The stock has been in continuous decline since November 2015, when it hit a peak of $46.82. The last five years have been nothing short of disastrous for the company as it tries ways to turn around. But with no break in the flow of bad news, investors will probably begin to wonder if the company even qualifies as a value stock anymore.
GameStop announced disastrous holiday sales results in mid-January, with a 27.5% year-over-year decline compared with the holiday season a year ago. Comparable store sales didn't fare much better, slumping 24.7%, and the company said that these trends are indicative of the challenges facing the video game industry.
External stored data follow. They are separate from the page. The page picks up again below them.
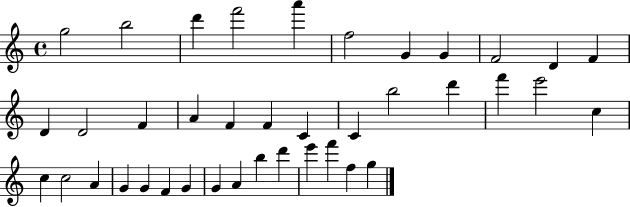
{
  \clef treble
  \time 4/4
  \defaultTimeSignature
  \key c \major
  g''2 b''2 | d'''4 f'''2 a'''4 | f''2 g'4 g'4 | f'2 d'4 f'4 | \break d'4 d'2 f'4 | a'4 f'4 f'4 c'4 | c'4 b''2 d'''4 | f'''4 e'''2 c''4 | \break c''4 c''2 a'4 | g'4 g'4 f'4 g'4 | g'4 a'4 b''4 d'''4 | e'''4 f'''4 f''4 g''4 | \break \bar "|."
}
With more games being sold directly through mobile devices and laptops, there seems to be less relevance for brick-and-mortar gaming merchandise retailers. The boom in esports means more people are logging onto their phones and laptops and paying to watch people battle, rather than stepping into an antiquated 1980s-era video game shop. This does not bode well for GameStop.
CEO George Sherman has articulated a turnaround plan but acknowledged that the pain will continue for quite a while as the company enters the final commoditized stages of Microsoft's and Sony's console cycles. New generation consoles will only be launched much later, and in the meantime, GameStop plans to shutter around 230 to 250 stores.
Unless GameStop radically overhauls its business model, the declines look set to continue. Even with a grand plan to "optimize" the business, the CEO should realize that he is ultimately fighting a losing battle as brick-and-mortar stores lose popularity among the gaming community.